Beginning with the first line below, please restate each line exactly, down to and including the line containing "Gite L'Hirondelle Castelnau-de-Médoc".

[Scraped caption text data]
○ ○ ○

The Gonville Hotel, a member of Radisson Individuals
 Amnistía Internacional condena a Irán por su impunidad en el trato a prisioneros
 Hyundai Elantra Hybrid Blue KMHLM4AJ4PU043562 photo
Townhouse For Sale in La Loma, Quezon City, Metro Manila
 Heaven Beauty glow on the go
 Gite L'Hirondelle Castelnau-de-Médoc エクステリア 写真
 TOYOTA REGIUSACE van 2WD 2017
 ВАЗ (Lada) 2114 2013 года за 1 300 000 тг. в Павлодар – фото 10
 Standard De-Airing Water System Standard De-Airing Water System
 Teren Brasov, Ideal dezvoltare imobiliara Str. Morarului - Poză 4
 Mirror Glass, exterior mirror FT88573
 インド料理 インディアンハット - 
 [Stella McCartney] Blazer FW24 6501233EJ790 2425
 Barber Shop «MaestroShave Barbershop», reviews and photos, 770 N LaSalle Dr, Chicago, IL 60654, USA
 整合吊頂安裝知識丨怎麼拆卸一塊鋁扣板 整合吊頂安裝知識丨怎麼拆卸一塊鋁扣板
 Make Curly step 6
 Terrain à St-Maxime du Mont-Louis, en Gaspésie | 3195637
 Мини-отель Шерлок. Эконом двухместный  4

○ ○ ○

=== YOUR RESPONSE ===
The Gonville Hotel, a member of Radisson Individuals
 Amnistía Internacional condena a Irán por su impunidad en el trato a prisioneros
 Hyundai Elantra Hybrid Blue KMHLM4AJ4PU043562 photo
Townhouse For Sale in La Loma, Quezon City, Metro Manila
 Heaven Beauty glow on the go
 Gite L'Hirondelle Castelnau-de-Médoc エクステリア 写真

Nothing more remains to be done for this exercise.